By
Burroughs
|
January 23, 2024

Grand Ole Opry Apologizes Over Elle King's Drunken Dolly Parton Tribute

The Grand Ole Opry issued an apology after a contentious performance by Elle King during a show honoring Dolly Parton's 78th birthday at Ryman Auditorium.

Elle King, a Grammy nominee, openly admitted to being "f---ing hammered" and engaged in banter with the audience, acknowledging her impaired state and forgetting song lyrics.

Videos shared on TikTok captured the singer's interaction with patrons, including discussions about refunds.

The incident drew criticism from attendees, with one describing it as "horrible, drunk, and profane," expressing disappointment that the evening was "ruined." Some concert-goers found the performance offensive, especially in the presence of young children.

The Grand Ole Opry responded to fan concerns on social media, expressing deep regret for the language used during the performance's second Opry segment.

"We deeply regret and apologize for the language that was used during last night’s second Opry performance,' the Opry's X account stated.

They acknowledged the inappropriate nature of the incident and apologized to attendees who witnessed it. While the apology was issued, Elle King has not publicly addressed the controversy as of Monday afternoon.

This incident adds to Elle King's history of performing under the influence, as previously mentioned in a 2022 interview with the San Diego Tribune.

In that interview, she expressed a desire to avoid excessive drinking during performances.

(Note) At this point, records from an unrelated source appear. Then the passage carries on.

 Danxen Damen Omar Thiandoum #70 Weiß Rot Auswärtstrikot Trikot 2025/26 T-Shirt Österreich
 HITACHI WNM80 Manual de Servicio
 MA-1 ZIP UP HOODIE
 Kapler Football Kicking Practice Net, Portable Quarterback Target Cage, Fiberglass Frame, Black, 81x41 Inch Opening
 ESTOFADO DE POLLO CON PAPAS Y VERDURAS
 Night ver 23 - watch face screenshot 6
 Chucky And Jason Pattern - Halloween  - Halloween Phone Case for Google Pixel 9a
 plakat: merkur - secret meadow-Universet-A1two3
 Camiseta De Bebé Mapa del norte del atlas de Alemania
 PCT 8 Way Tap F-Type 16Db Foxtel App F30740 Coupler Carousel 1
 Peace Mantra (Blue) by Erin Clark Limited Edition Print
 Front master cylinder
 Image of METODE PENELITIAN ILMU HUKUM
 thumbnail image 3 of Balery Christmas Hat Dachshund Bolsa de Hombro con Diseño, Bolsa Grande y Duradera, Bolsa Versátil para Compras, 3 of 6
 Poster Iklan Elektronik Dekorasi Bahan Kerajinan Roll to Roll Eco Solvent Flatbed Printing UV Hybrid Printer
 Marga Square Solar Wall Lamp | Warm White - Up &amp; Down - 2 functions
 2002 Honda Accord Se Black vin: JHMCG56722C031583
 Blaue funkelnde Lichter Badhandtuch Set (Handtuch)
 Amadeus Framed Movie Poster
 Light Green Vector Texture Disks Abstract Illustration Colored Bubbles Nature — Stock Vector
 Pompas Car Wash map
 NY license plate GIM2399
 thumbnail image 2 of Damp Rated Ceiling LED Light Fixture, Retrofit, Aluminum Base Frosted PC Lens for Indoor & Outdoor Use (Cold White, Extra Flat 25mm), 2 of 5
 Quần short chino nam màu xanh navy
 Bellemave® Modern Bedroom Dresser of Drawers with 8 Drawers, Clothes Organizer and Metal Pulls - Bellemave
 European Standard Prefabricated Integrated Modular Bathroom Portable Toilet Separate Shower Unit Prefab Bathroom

The recent controversy has fueled discussions about the impact of artists' behavior on live events and the expectations of concert-goers.

Despite the public apology from the Grand Ole Opry, the incident has raised questions about the responsibility of artists in maintaining professionalism during performances, particularly in venues with diverse audiences.

The aftermath of Elle King's impaired performance serves as a reminder of the challenges that arise when artists grapple with substance use on stage, potentially affecting the overall concert experience for attendees.